#### To do:
No pictures, please. Copy exactly the lines from the one with "Брюки из костюмной ткани OD-1036-1 молочный" through the final line below.

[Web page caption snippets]
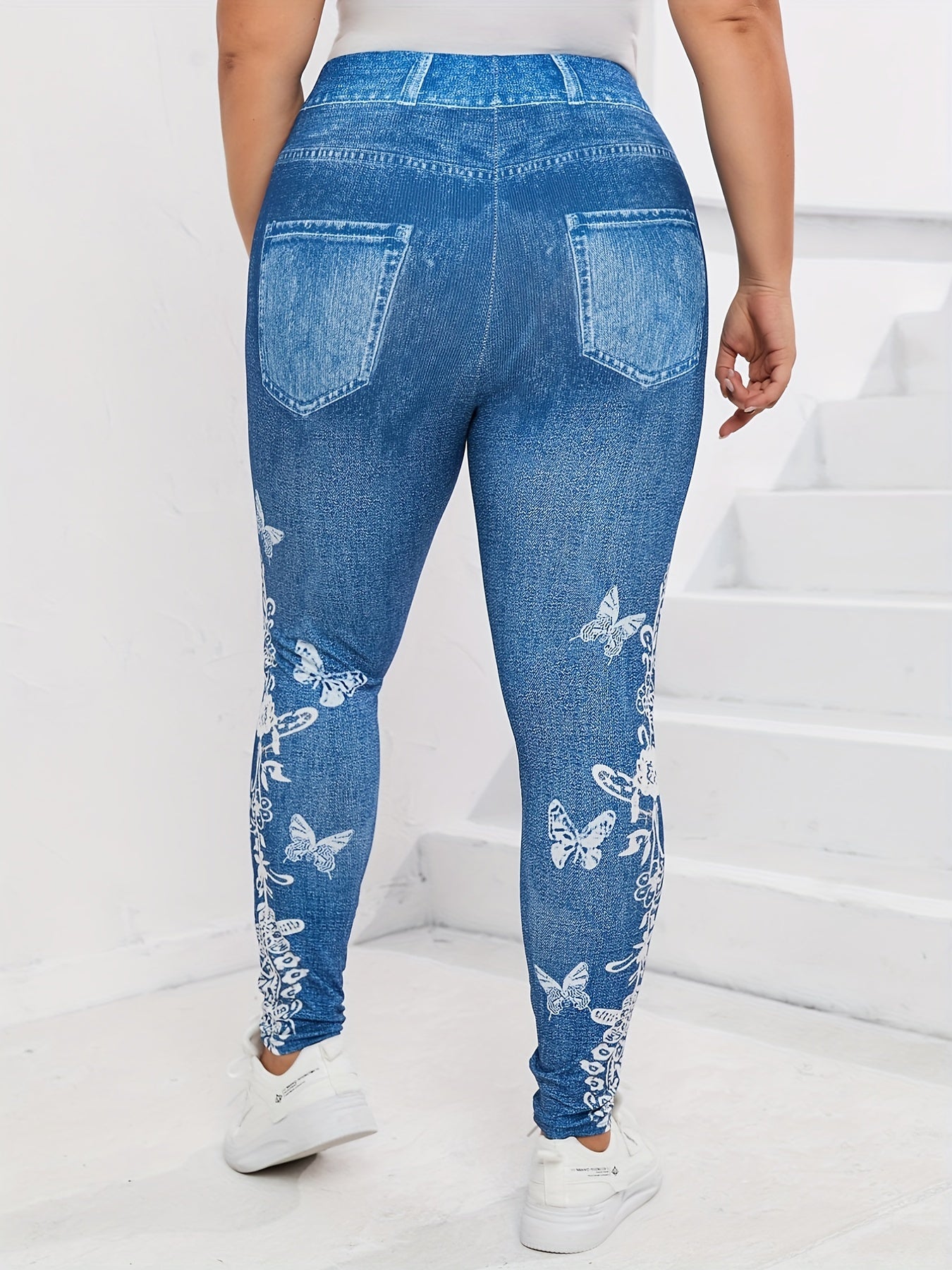 Butterfly & Denim Print High Stretch Leggings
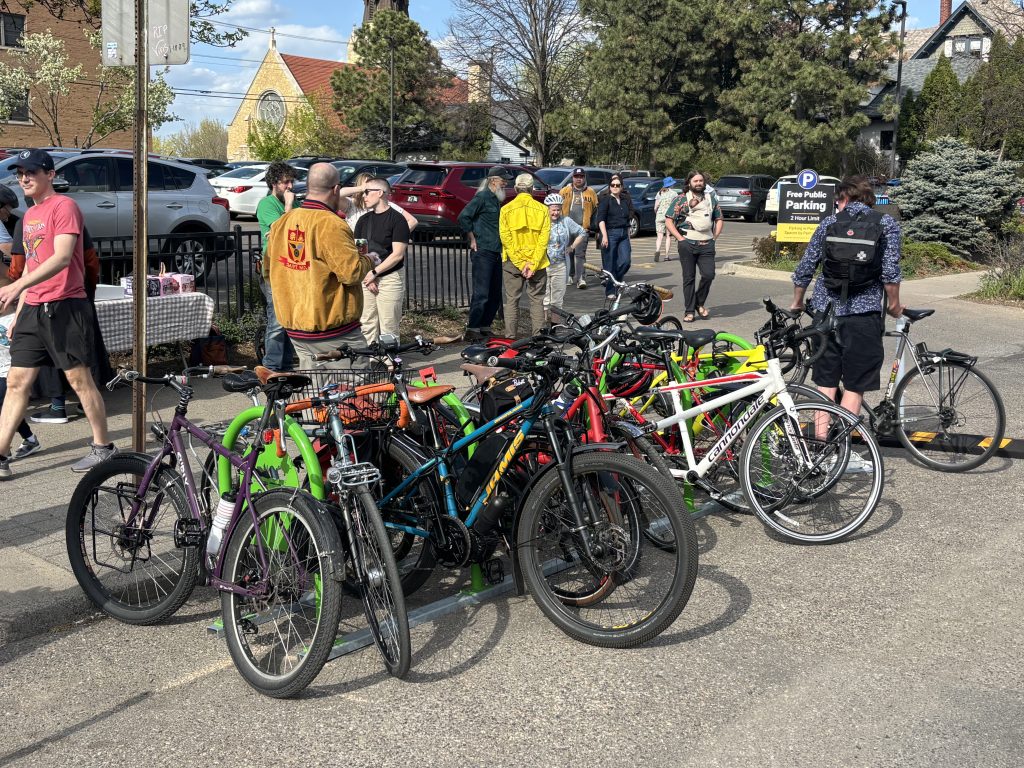 One of the newly installed racks, fully filled with bikes. Photo by Andy Singer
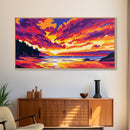 Lake Sunset Ripples, Peaceful Water Art, Colorful Nature Print, Vibrant Reflection Painting, Relaxing Home Wall Decor, Framed Canvas Print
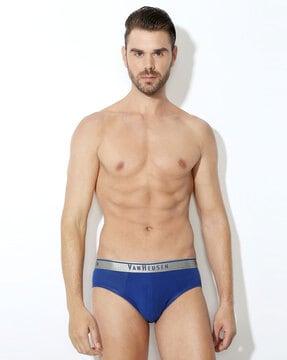 briefs with brand print waistband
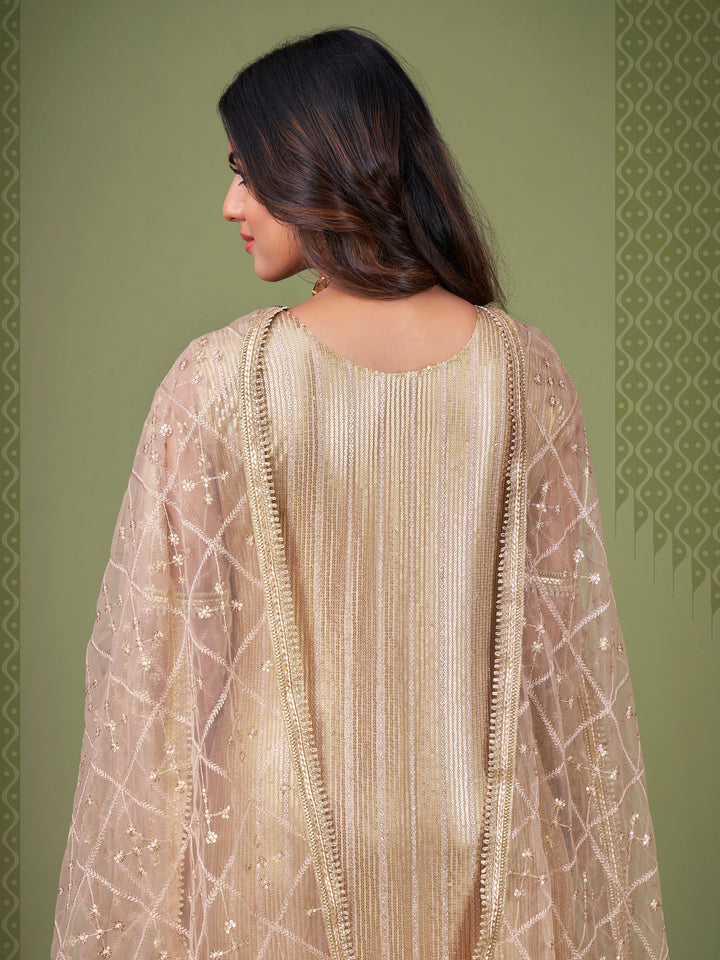 Magnificent Beige Sequins Embroidery Net Event Wear Salwar Suit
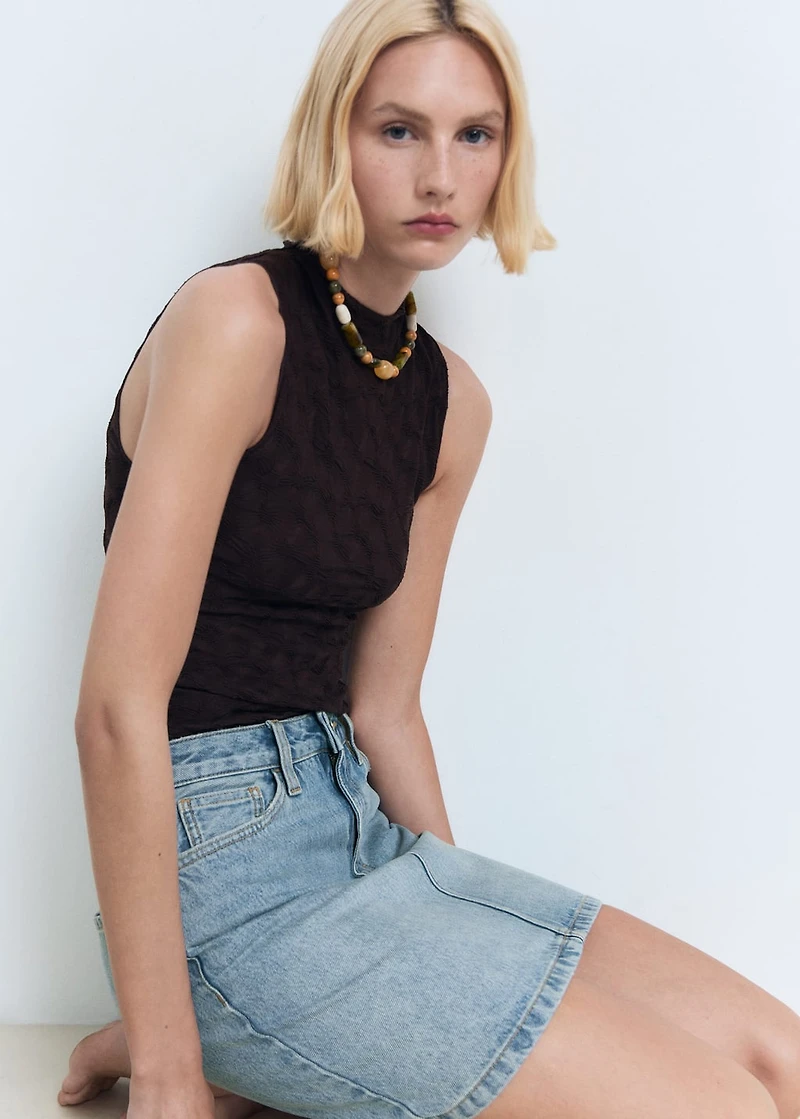 Short denim skirt
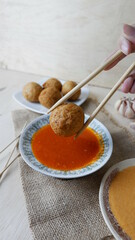 Pempek is a traditional food from Palembang, South Sumatra province. This food is made from sago and fish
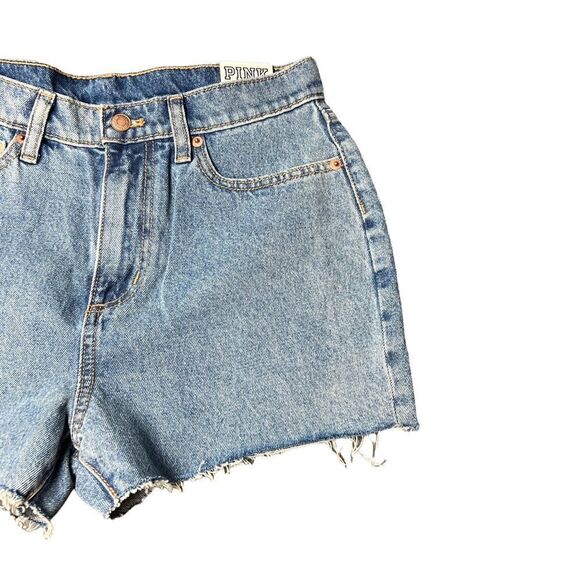 Victoria’s Secret Pink High Waisted Cut Off Denim Shorts - Picture 3 of 9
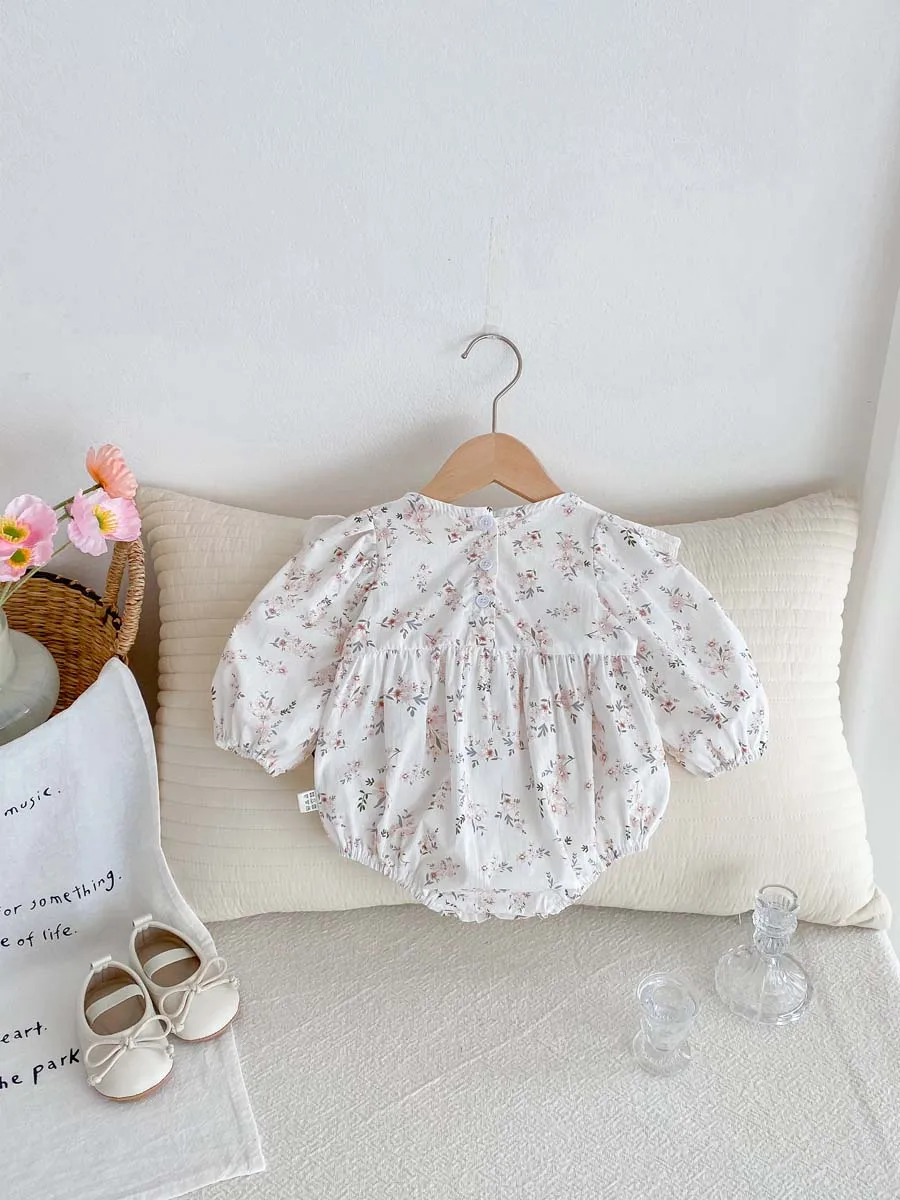 Baby Girl's Spring and Autumn Clothes Sweet Floral Long-sleeved jumpsuit Lace Lapel jumpsuit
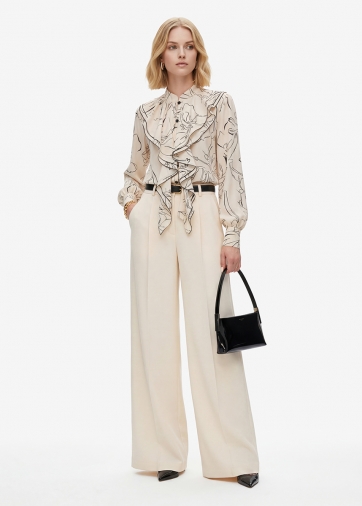 Брюки из костюмной ткани OD-1036-1 молочный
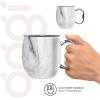 imageOggi Stainless Steel Moscow Mule Mug  20 oz Rainbow with EZgrip handleWhite Marble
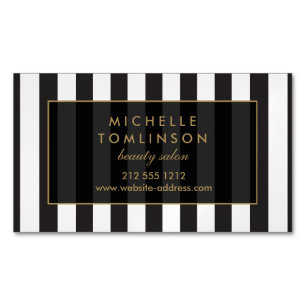 Zwart-wit Stripes Salon III Magnetisch Magnetisch Visitekaartje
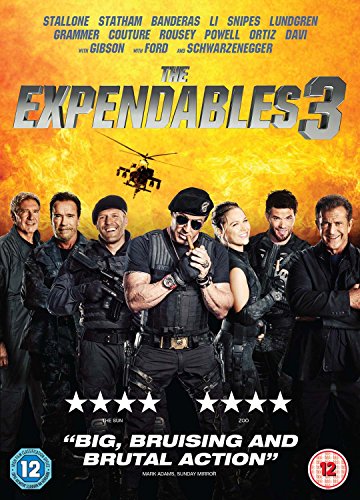 DVD cover for "Expendables 3" featuring an action team and helicopter.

#### Written response:
 Брюки из костюмной ткани OD-1036-1 молочный
 imageOggi Stainless Steel Moscow Mule Mug  20 oz Rainbow with EZgrip handleWhite Marble
 Zwart-wit Stripes Salon III Magnetisch Magnetisch Visitekaartje
 DVD cover for "Expendables 3" featuring an action team and helicopter.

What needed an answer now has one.